In the listing below, find the line with "Aspire Pockex Jubiläums-Edition-Kit" and copy every line from there up to and including the line with "Disney Villains Maze", exactly and without pictures.

#### Entries provided:
━━━

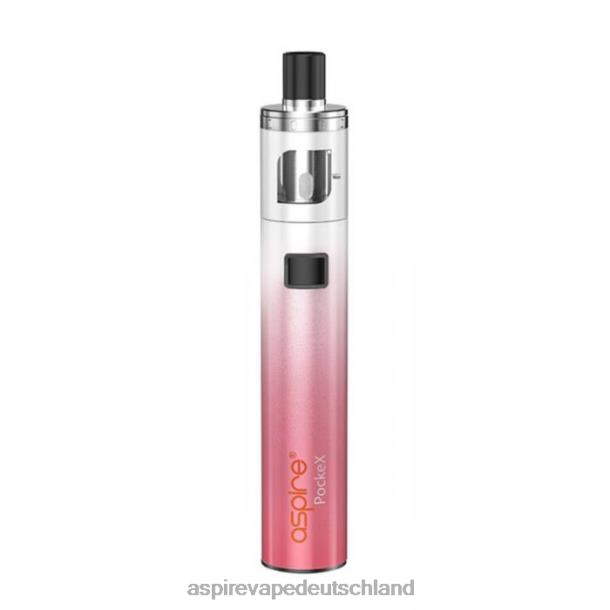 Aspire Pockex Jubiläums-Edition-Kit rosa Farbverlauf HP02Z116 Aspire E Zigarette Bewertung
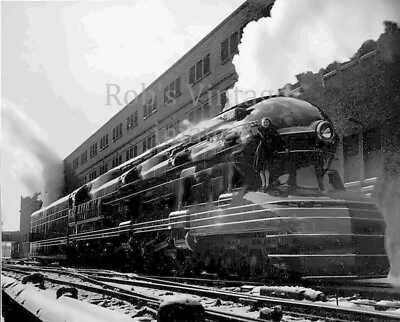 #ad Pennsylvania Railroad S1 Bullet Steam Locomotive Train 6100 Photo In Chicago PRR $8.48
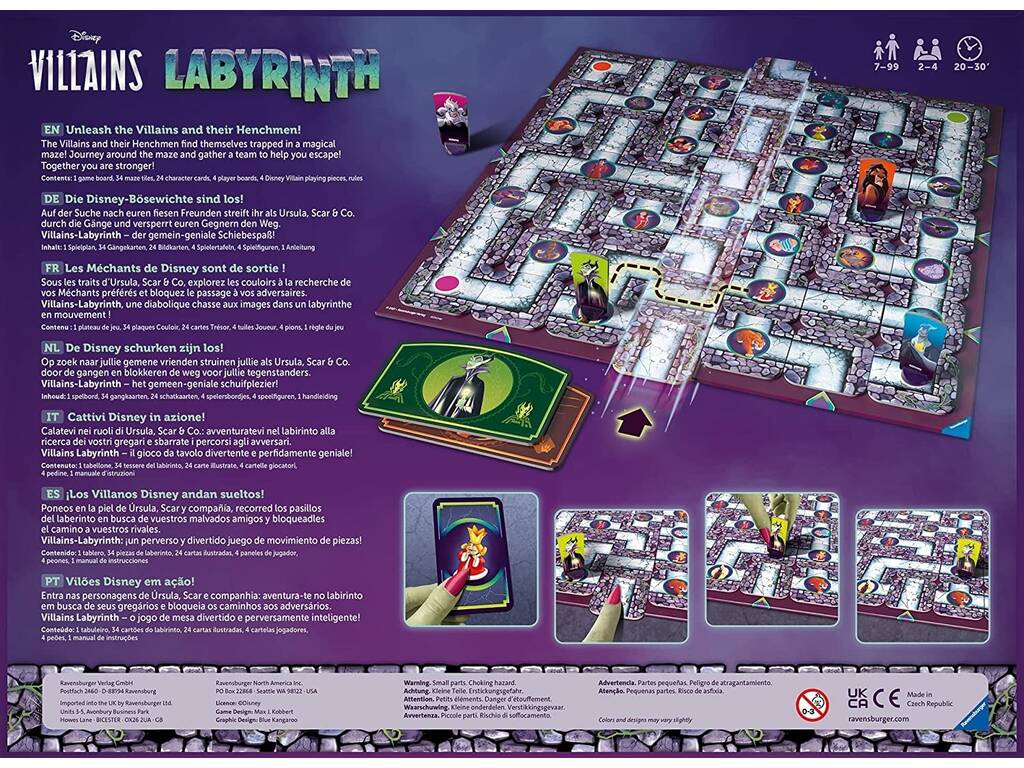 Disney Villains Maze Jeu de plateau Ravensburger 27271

━━━

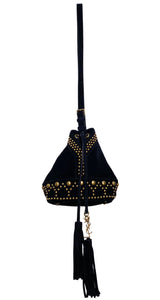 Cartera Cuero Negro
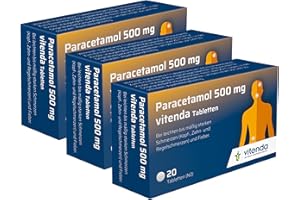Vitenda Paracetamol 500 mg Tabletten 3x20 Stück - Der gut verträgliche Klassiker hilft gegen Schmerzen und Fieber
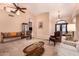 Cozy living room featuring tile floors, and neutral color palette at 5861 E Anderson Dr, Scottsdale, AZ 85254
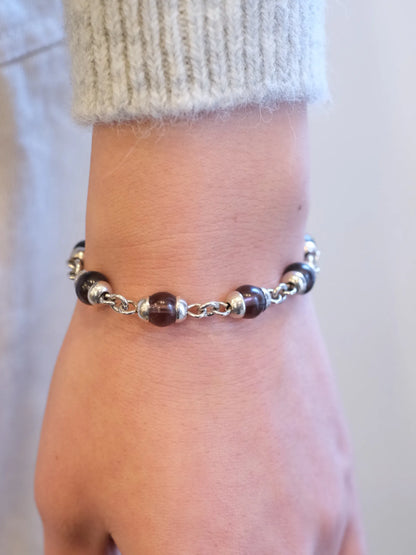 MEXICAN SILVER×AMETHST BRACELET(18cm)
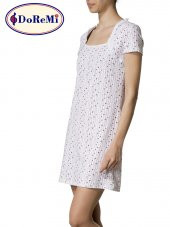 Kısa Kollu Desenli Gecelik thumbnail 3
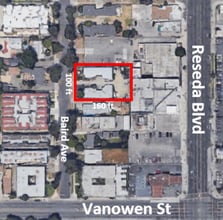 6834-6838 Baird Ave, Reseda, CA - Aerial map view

━━━

#### Output for this exercise:
 Aspire Pockex Jubiläums-Edition-Kit rosa Farbverlauf HP02Z116 Aspire E Zigarette Bewertung
 #ad Pennsylvania Railroad S1 Bullet Steam Locomotive Train 6100 Photo In Chicago PRR $8.48
 Disney Villains Maze Jeu de plateau Ravensburger 27271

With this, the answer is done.